Mon Apr 06, 2015 9:04 pm
Apparently, current versions of IE, windows 8, and Chrome all try to detect a captive portal. If they detect one, they open the login page without using ssl, so no security warning happens. If your users don't have https:// websites as their default page, then they won't get the problem either - the hotspot just redirects them.
The certificate warning happens when a client tries to open an ssl-protected website before doing anything else. The browser thinks it's going to "my secure website" - so when it gets a certificate from your hotspot server for "myhotspot.com - signed by verisign - 100% legitimate) it is correctly alarming the user: "Warning - you are talking to a web server that is not the one you asked for!"
Many people respond by asking: "But I'm redirecting them to myhotspot.com ssl login page, and my certificate is valid!"
"Why should the client's browser give warning?"
Redirect is a message that happens in the http protocol... certificates and ssl happen on port 443 BEFORE the http messages can begin. SSL starts by giving a certificate - before the client can ask for a website by name. So a browser sends TCP:443 packet to "google.com" and your Mikrotik answers in stead - SYN,ACK" - client acknowledges and starts the SSL request. The Mikrotik's certificate is for myhotspot.com - even if it is signed by Verisign, it is NOT the certificate for the web site that the client was asking for, so the browser will give a warning "certificate does not match website" - if the user clicks "do it anyway" - only THEN does the browser say "I want http 1.1, host=google.com, etc - " to which your Mikrotik finally gets to respond with the redirect header: "site moved to myhotspot.com"
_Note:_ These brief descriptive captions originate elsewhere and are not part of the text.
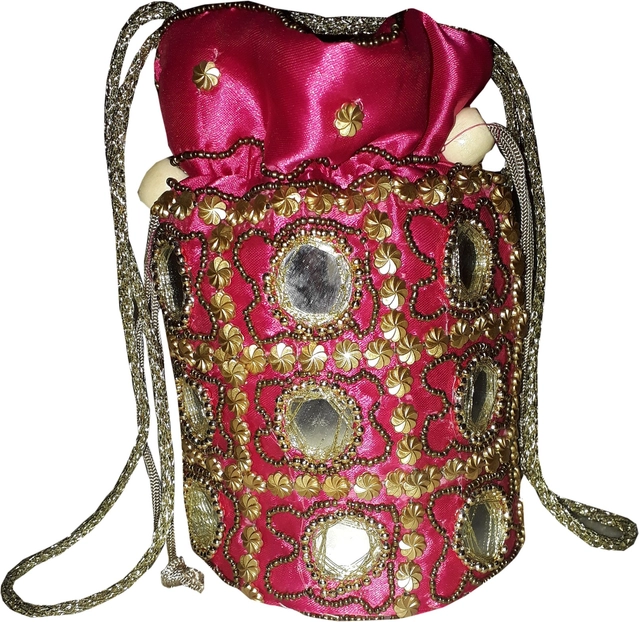 Non Woven Handcrafted Potli (Multicolor)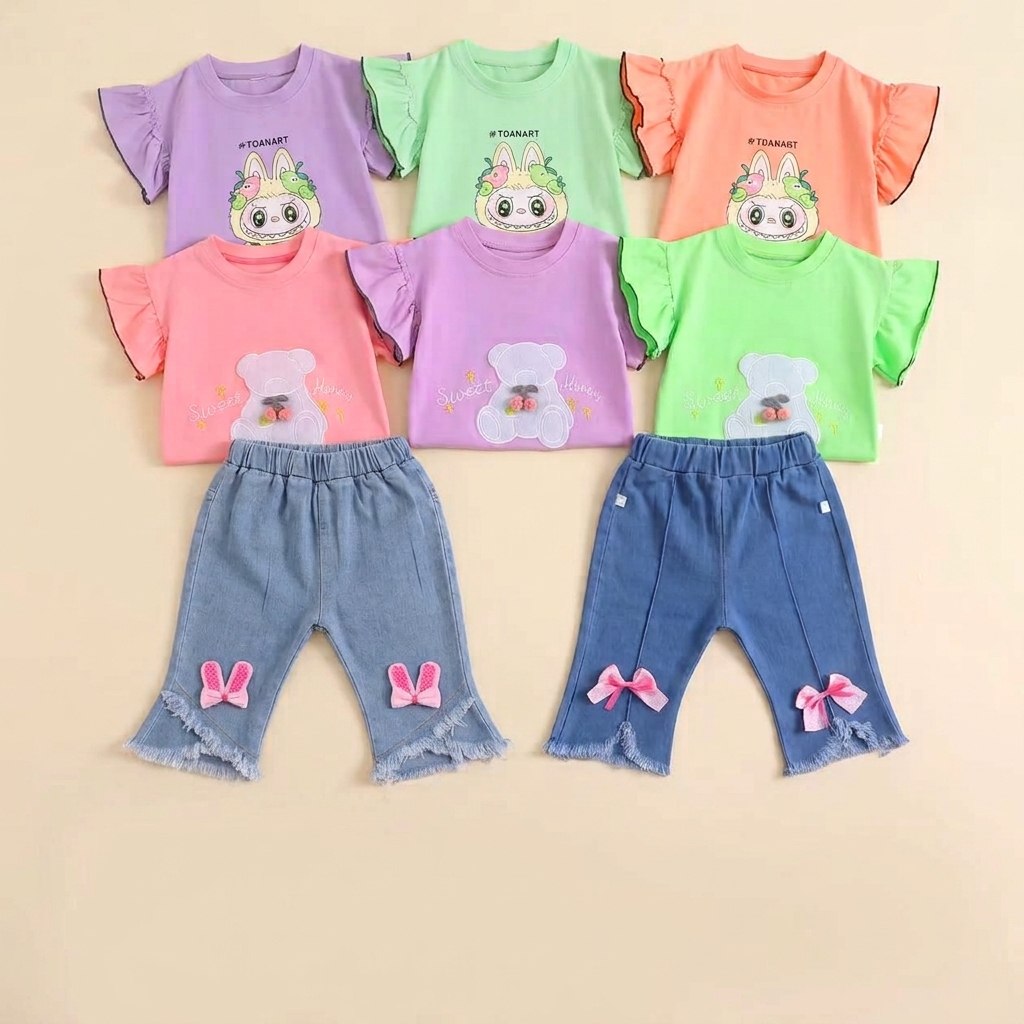 SET GIRLS COTTON FRILL - Foto 1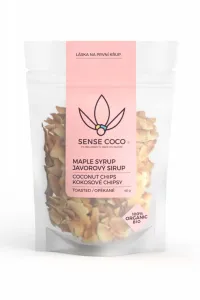 Sense Coco Bio kokosové chipsy s javorovým sirupem 40 g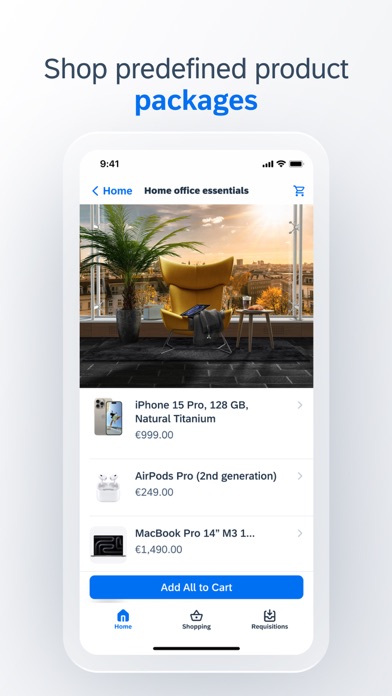 SAP Ariba Shopping Screenshot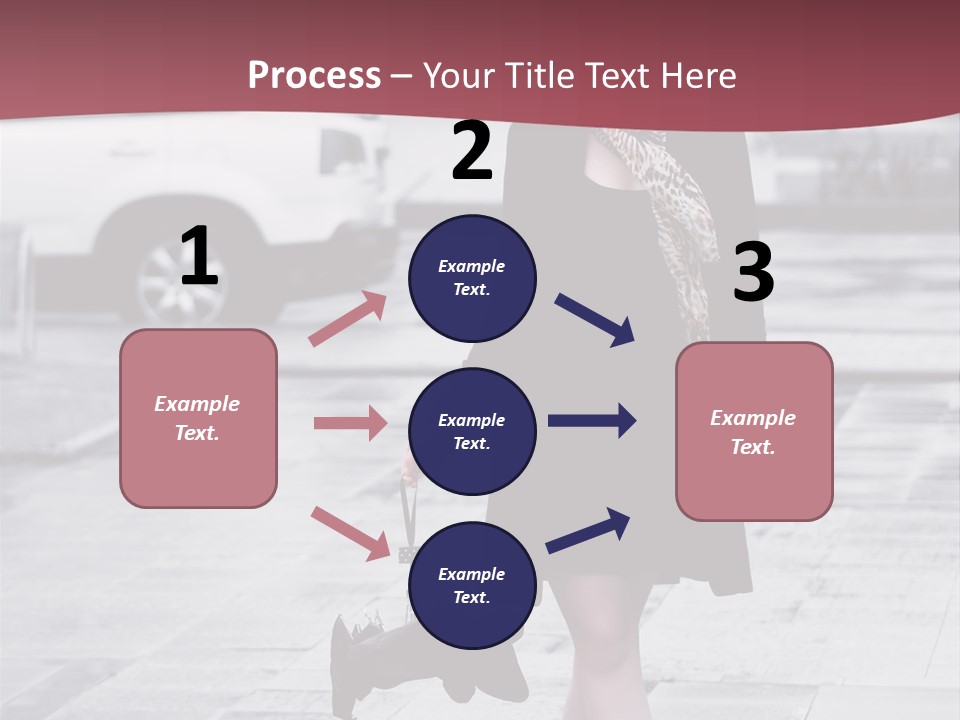 Urban Female Umbrella PowerPoint Template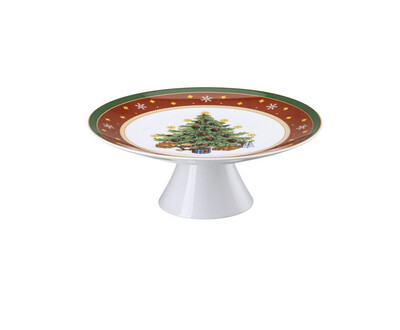 Piatto torta con piede piccolo - Happy Christmas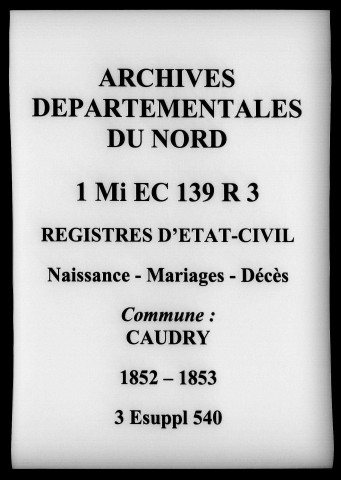 CAUDRY / NMD, Ta [1852-1857]
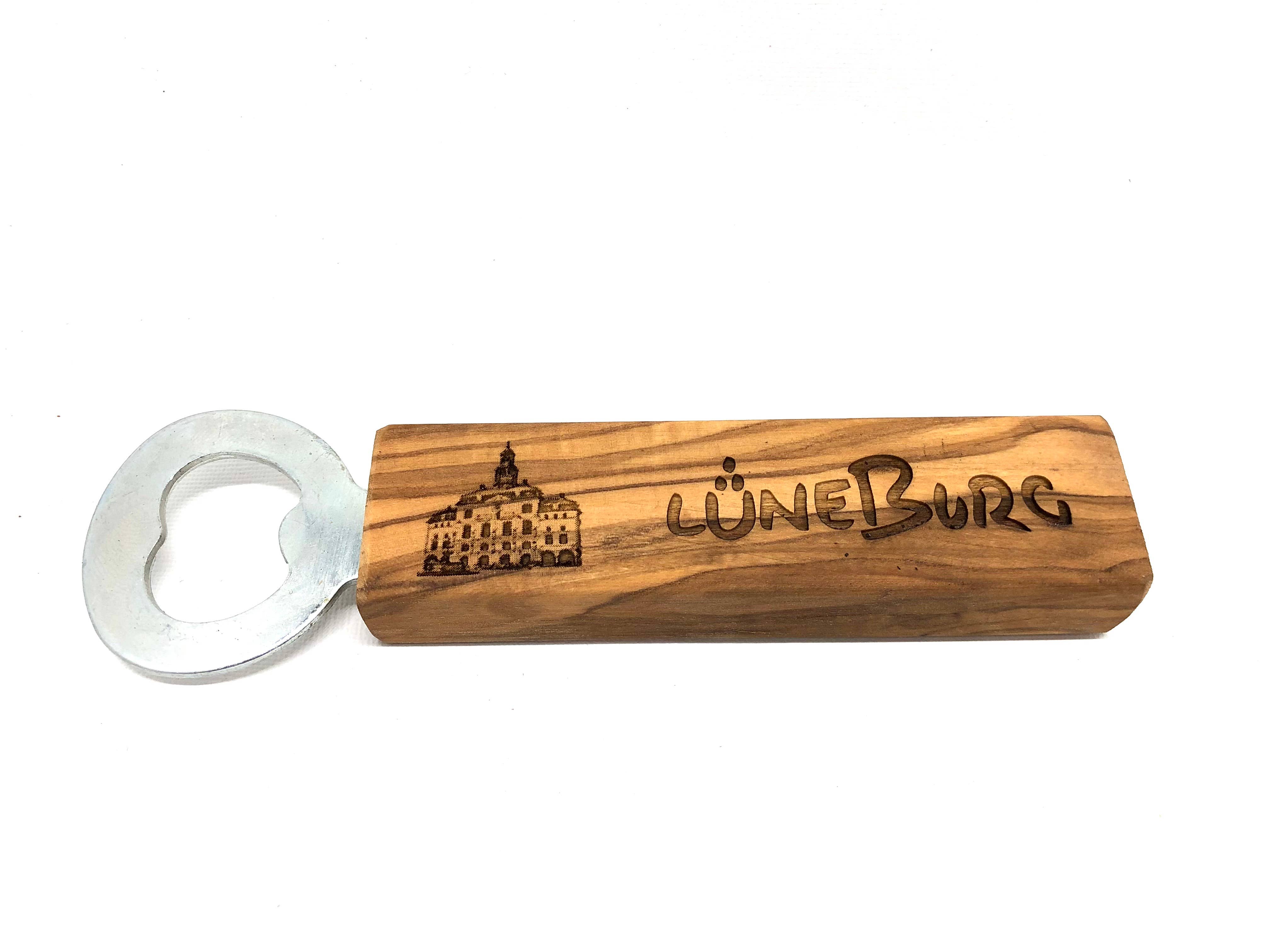 olivenholz-erleben - Wholesale Bottle/wine opener - Merchandising with olive wood! “ECKI” bottle opener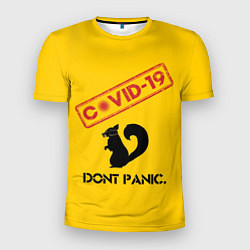 Футболка спортивная мужская Dont Panic covid-19, цвет: 3D-принт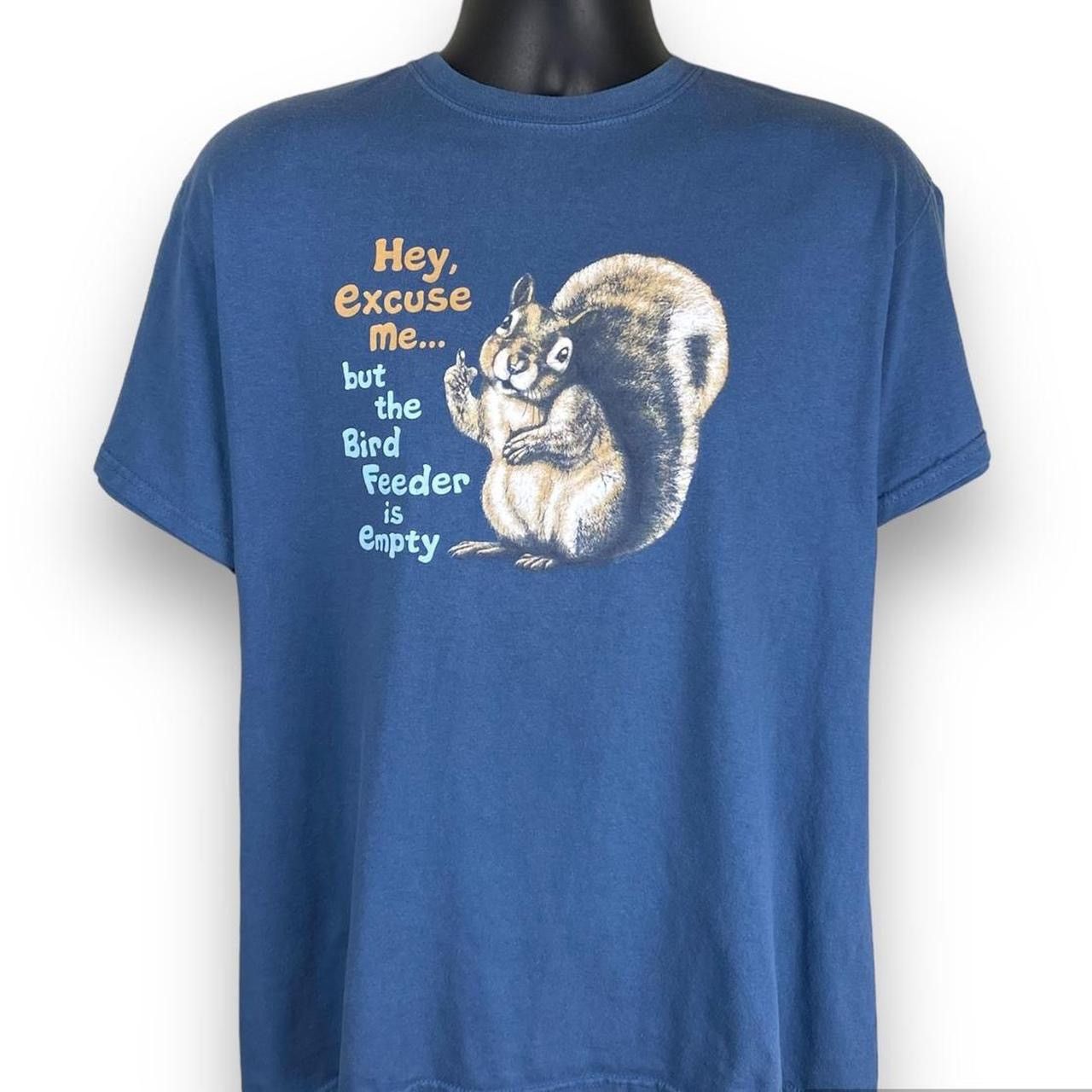 Vintage Gildan Hey Excuse Me Squirrel Comedy Funny Tshirt Hoodie, Sweatshirt | FlexRushtees.com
Only a valid certificate signed by a trusted authority, matching the website you requested will work.
Jumping in the middle will break one of these - so there will be a warning, or else you could just as easily intercept connections to the users' banking websites without any warnings.....
So this is why it's good that browsers and operating systems are starting to check for a hotspot as soon as the device joins the network. If the device knows it's on a hotspot, it can open a non-ssl browser window and let the hotspot direct to the login page without any SSL warnings.